Many homeowners in those states and elsewhere continue to owe more on their mortgages than their homes are worth, a scenario known as having negative equity. Homeowners with negative equity can be more vulnerable to foreclosure should they fall behind on their mortgage payments.

Some 9.7 million homes, or 19.8 percent of all U.S. homes with a mortgage, were in negative equity at the end of the first quarter, according to data provider CoreLogic. That's down from 10.5 million, or 21.7 percent of homes with a mortgage, at the end of last year.

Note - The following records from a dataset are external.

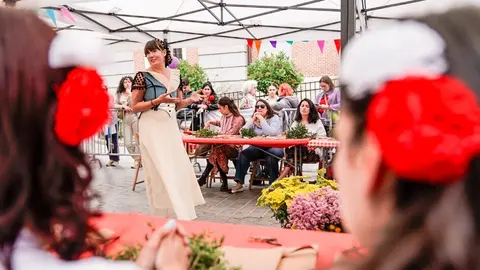 Sesiones del taller de ramilletes de flores organizado en la plazuela de Santiago - Foto Ayuntamiento de Madrid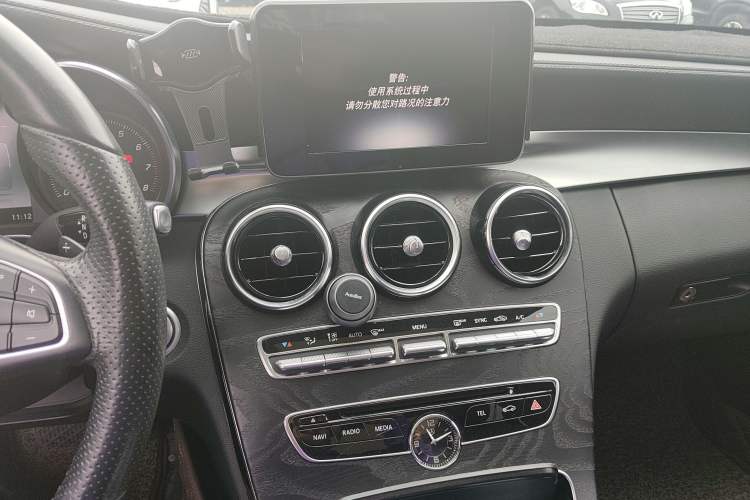 Used Mercedes-Benz C-Class 2017 C 200 L Sport Edition Audio And AC Panel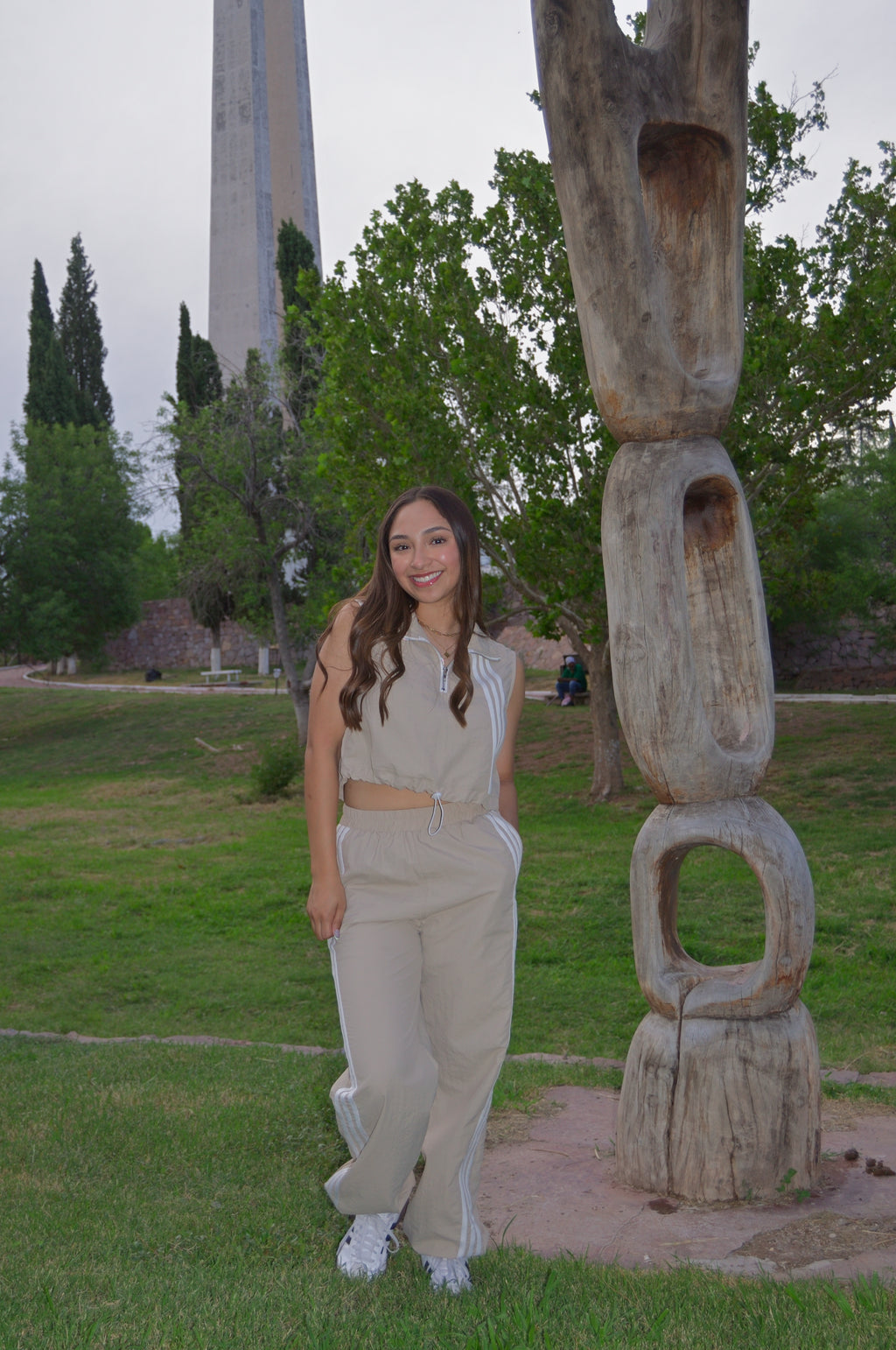 GH23557 Conjunto Pantalón Chaleco Deportivo Rayas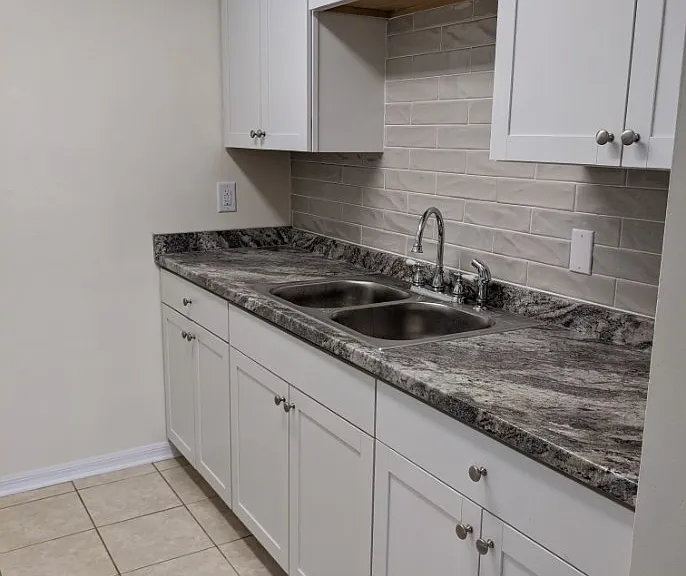 300 Gunn Ave #7 — Photo 3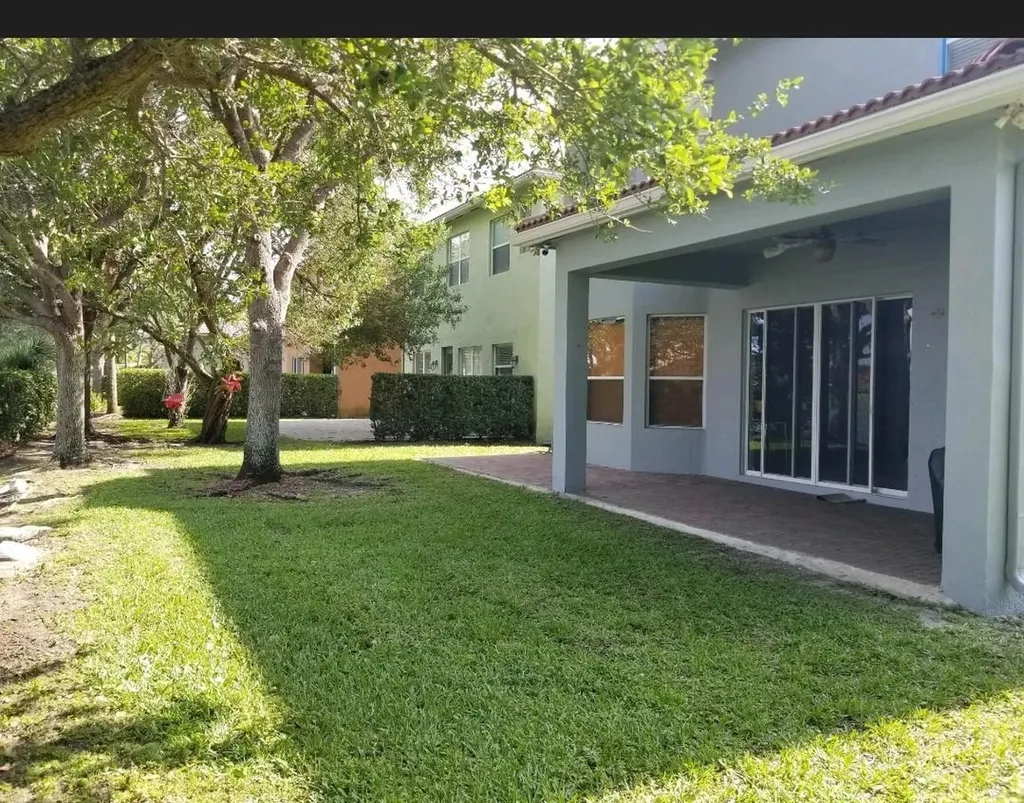 21 Country Lake Circle Boynton Beach FL 33436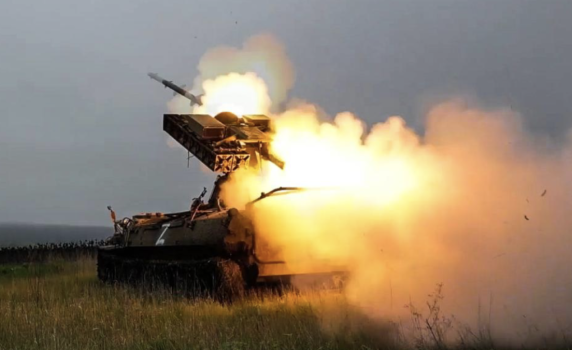 Руските сили удариха военни летища в Украйна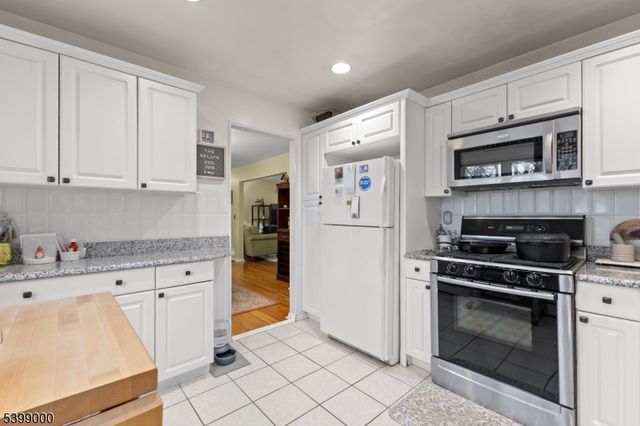 36 Willow Way, Wanaque Boro, NJ 07465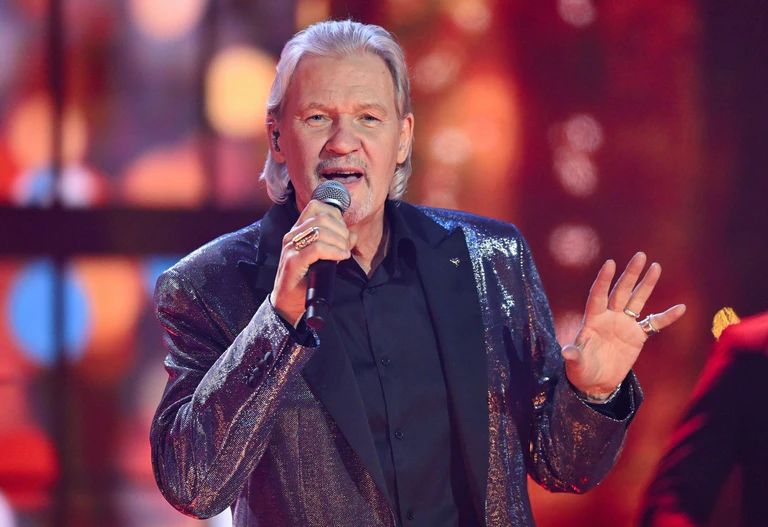 Wird der Dreifach-ESC-Gewinner Johnny Logan ein Weihnachts-Hit-Sänger? — © Hendrik Schmidt/dpa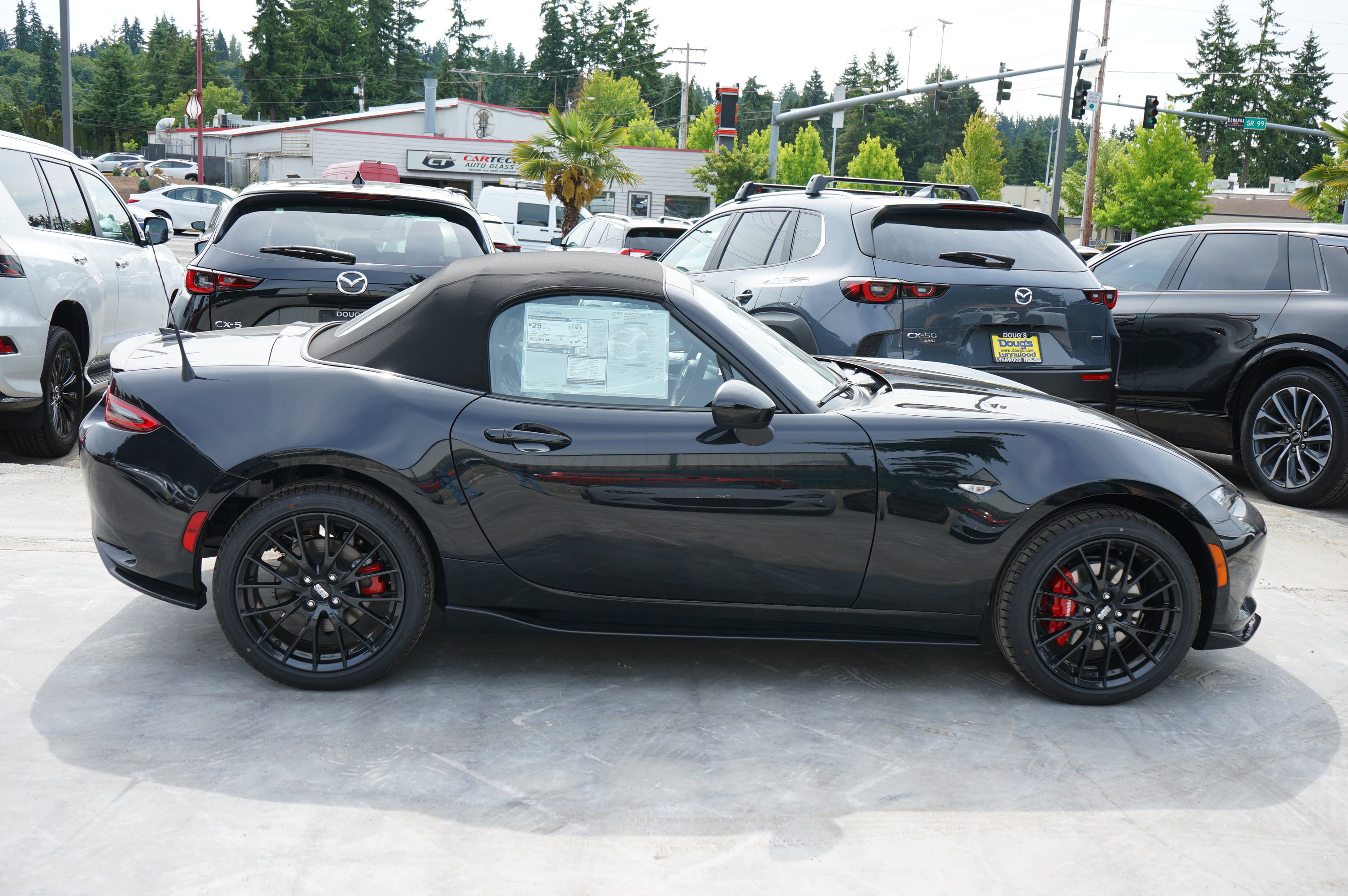 New 2025 MAZDA MX-5 Miata Club w/ Brembo/BBS Recaro Package image 4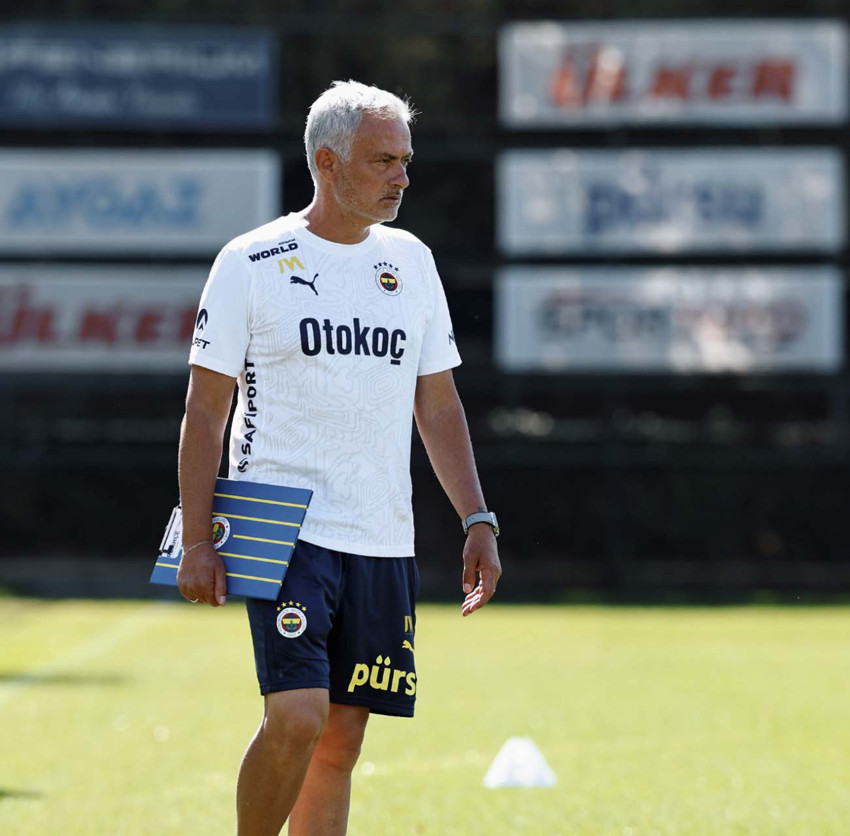 Fenerbahçe’de rota Süper Lig’e döndü! Adana Demirspor maçı hazırlıkları başladı - Resim : 1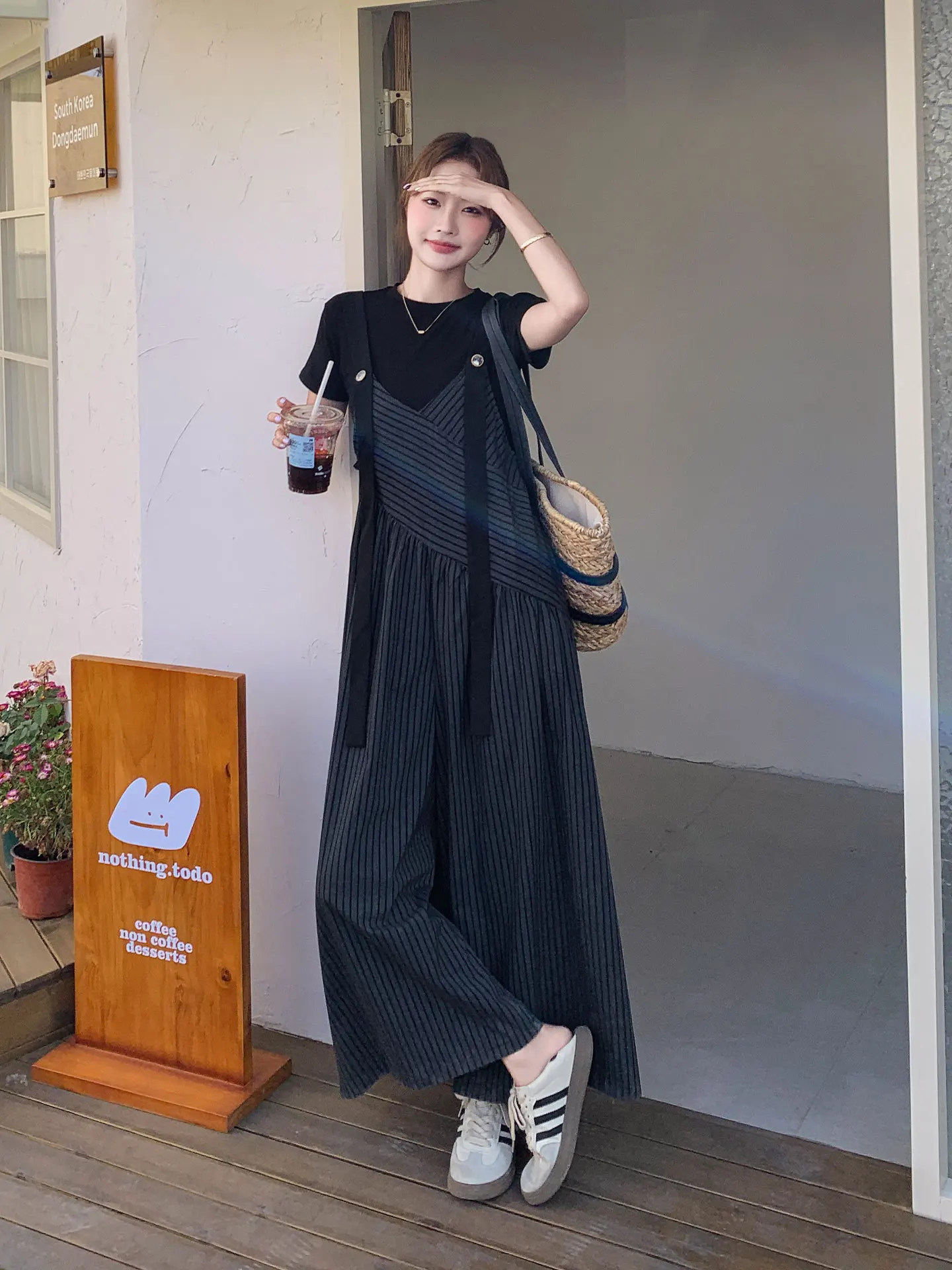 30代の女性が今、着たい「カジュアルで上品な夏のコーデ」は？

In a healthy housing market, underwater mortgages historically account for about 5 percent of all homes with a mortgage.

Most of the homes in some stage of foreclosure as of July are tied to home loans that were made during the housing boom, before banks tightened their lending standards.

Of the 562,533 homes already on the foreclosure path, 71 percent have loans that were originated between 2004 and 2008, the firm said.

In Florida, nearly 80 percent of the homes in the foreclosure process have loans that date back to the housing bubble years. That's one reason the state registered the highest foreclosure rate of any state last month, or more than three times the national average, RealtyTrac said.

The state's foreclosure starts decreased 28 percent from a year earlier, but completed foreclosures jumped 13 percent.

Rounding out the top 10 states by foreclosure rate last month were Maryland, Ohio, Connecticut, New Mexico, Illinois, Nevada, Georgia, South Carolina and Utah.